|The Insectarium is housed in the Old Customs House
on Canal Street in New Orleans
On the first floor of the Custom House on Canal Street in New Orleans, the Audubon Institute opened the city’s first insectarium. For twelve years the insectarium has been in the works behind the scenes and finally opened its doors to the public last week. I went with my cousin Ian on Tuesday to visit the array of ants, patent leather beetles, butterflies, and katydids.
|Ants go marching . . .
I was impressed by the ant farm. Along a wall in the museum’s main hallway has been constructed a sizable ant farm that spans about ten or more feet (I’m just guessing here). I was ready to spot the queen ant in her chambers but I could not find her but one of the museum volunteers told me that she is known to appear every once in a while but is usually surrounded by her ardent followers. Apparently, she is moved from chamber to chamber every once in a while and the lucky visitor who happens to be present can witness the event, but alas we were not fortunate enough to witness the royal entourage.
On the day we visited the insectarium, the black widow spider seemed to be missing. Ian and I looked for her but we could not find her, only an empty web. Hopefully, she did not escape! We informed the entomologist standing nearby and he said they were aware of the fact and were hoping she was hiding and not escaping.
Of course, the insectarium boasts the usual array of bugs: spiders, cockroaches, beetles galore, including the impressive diving beetle. One of the nice things about the insectarium is that it provides a place to view all of these bugs without fighting the urge to stomp on one of them. Probably, if I ever see a black widow spider coming my way, I am not going to point at it red belly and say, “look at that hour-glass shape, how fascinating!” I am going to either run away or defend myself. At the insectarium, however, the need for man to defend himself in his natural environment goes away, and I can safely admire the termites and cockroaches, without wondering if I should call Terminix (who happens to be a major sponsor for the insectarium).
|Kids gawk at the Insectarium
I could have done without Joan Riversfly done up like a bug and yakking about insects on a big screen TV. And I did think some of the exhibits were lackluster, especially the underground gallery which was supposed to make you feel like you were bug-sized. Either I didn’t get it or my imagination has run dry. Also, the honey bee exhibit should be at the same size as the ant farm: huge. But, hey, it was still cool watching a few bees gather their nectar and return to a very small hive.

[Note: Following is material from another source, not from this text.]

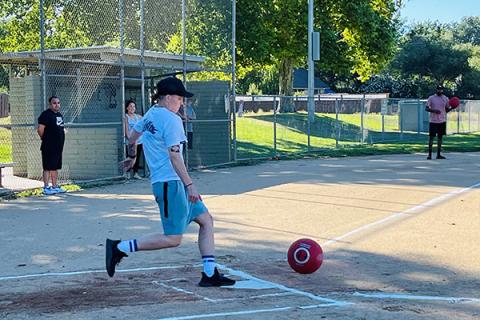 Adults playing kickball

The most impressive gallery was the butterfly gallery. The first part is the metamorphosis gallery. Here, you can see all the stages in their natural glory. It was really fascinating to look at the butterflies lined up in their various stages of metamorphosis. It still boggles my mind that a caterpillar can change from a lumpy piece of fat into a diaphanous spectacle in a matter of days. Wow.
|A museum interpreter answers questions.
I think of metamorphosis as a different form of birth, I guess. The human baby comes out of the womb wet and hairless and over time grows up and after a while looks quite different from the infant he or she once was. But with a caterpillar, it is quite a different story. They basically turn from one species to another. But, I guess it would be like if a human baby was born looking like a fetus. When it was born it would pretty much act like a caterpillar: slow-moving and eating a lot. In the human’s case that would mean a plentitude of milk and baby food as it fattened up and then curled up into a leathery cocoon for a few weeks only to emerge a post-pubescent, adult-ready human. Mothman, anyone? I am kind of glad, though that puberty is not as bad as metamorphosis would probably be. Can you imagine how embarrassing it would be if you entered the pupa stage like in the middle of gym class? Gross …
After the metamorphosis gallery, we were gladly marshaled into the butterfly gallery where you can watch the insects flutter about in an oriental style garden complete with music and coy fish swimming in an ornate pond. It was a nice way to end the visit to the museum.
I highly recommend this museum. It is fun and freaky. I think any age group would find it interesting and enjoyable. The price is about 15 dollars for adults and I forget how much it is for children under the age of twelve, but hey, I was not looking. You can get an insectarium + zoo + aquarium package but I would not rush your insect trip. Take your time and enjoy the bugs!